News

July 1, 2013

Announcing the New Columbia University Department of Systems Biology

Columbia University Department of Systems Biology

Attendees at the June 2013 Columbia University Department of Systems Biology retreat.

Effective July 1, 2013, the Columbia Initiative in Systems Biology is now the Columbia University Department of Systems Biology. Approved by a vote of the University Trustees, this step recognizes the growth in systems biology research and education that has taken place at Columbia, and formally establishes this emerging discipline as a major area for research at the university.

As Andrea Califano, chair of the new department, explained, "This achievement testifies to the dedicated community that has been gathering at Columbia over the past decade around the field of systems biology. We have witnessed the emergence of a compelling scientific agenda that combines innovative experimental and quantitative methods to address important biological and biomedical questions in ways that were unimaginable just a few years ago. It is very exciting to see Columbia take this step because systems biology is paving the way toward new, more rational approaches in basic and translational research."

"Systems biology is paving the way toward new, more rational approaches in basic and translational research."

The groundwork for the new Department of Systems Biology was laid in 2010 with the creation of the Columbia Initiative in Systems Biology (CISB). At that time, the CISB began coordinating the activities of the JP Sulzberger Columbia Genome Center and the Center for Computational Biology and Bioinformatics (C2B2). This arrangement will continue under the new department, integrating Columbia’s high-throughput experimental technologies with expertise in advanced computational data analysis, two essential elements for systems biology research.

The Department of Systems Biology currently has 26 faculty members, about half with primary appointments in the department. Most are based at Columbia University Medical Center, although several are located on Columbia’s Morningside campus. Faculty members share a common interest in using high-throughput experimentation, quantitative analysis, and innovative technologies to understand complex biological systems, particularly at the genomic and molecular levels.

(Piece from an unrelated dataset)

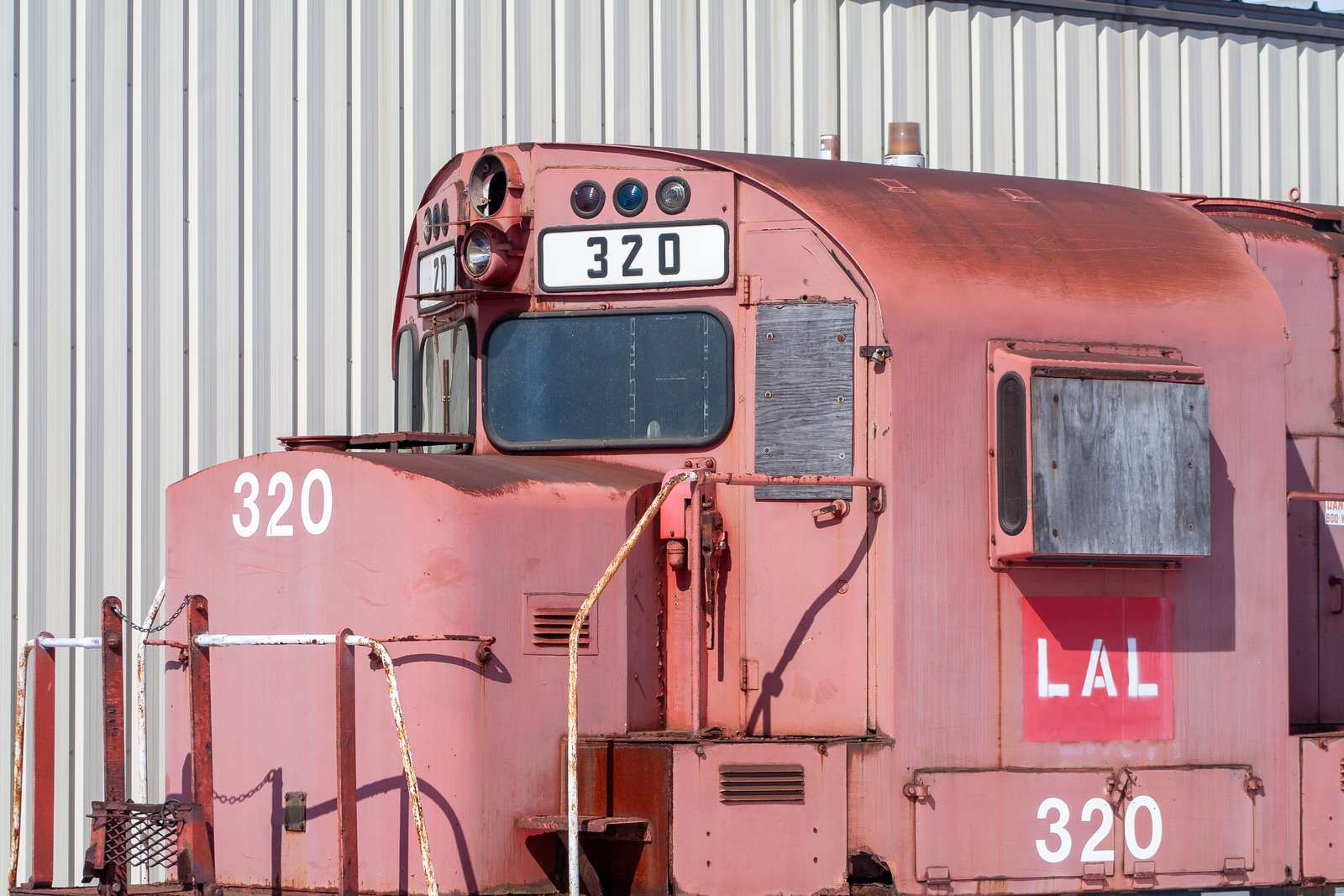 LAL 320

Current research interests include systems and regulatory genomics, bioinformatics, cancer biology, computational genetics and evolution, computational immunology and virology, computational structural biology, synthetic biology, and systems physiology.

The Department of Systems Biology also coordinates PhD education in systems and computational biology across the university. 

Department chair Andrea Califano is the Clyde and Helen Wu Professor of Chemical Systems Biology, and has appointments in the Departments of Biochemistry and Molecular Biophysics, Department of Biomedical Informatics, and Institute for Cancer Genetics. He is also director of the Columbia Genome Center and associate director of the Herbert Irving Comprehensive Cancer Center. Barry Honig will continue as director of the Center for Computational Biology and Bioinformatics. Dr. Honig is also a professor in the Department of Biochemistry and Molecular Biophysics and an investigator of the Howard Hughes Medical Institute.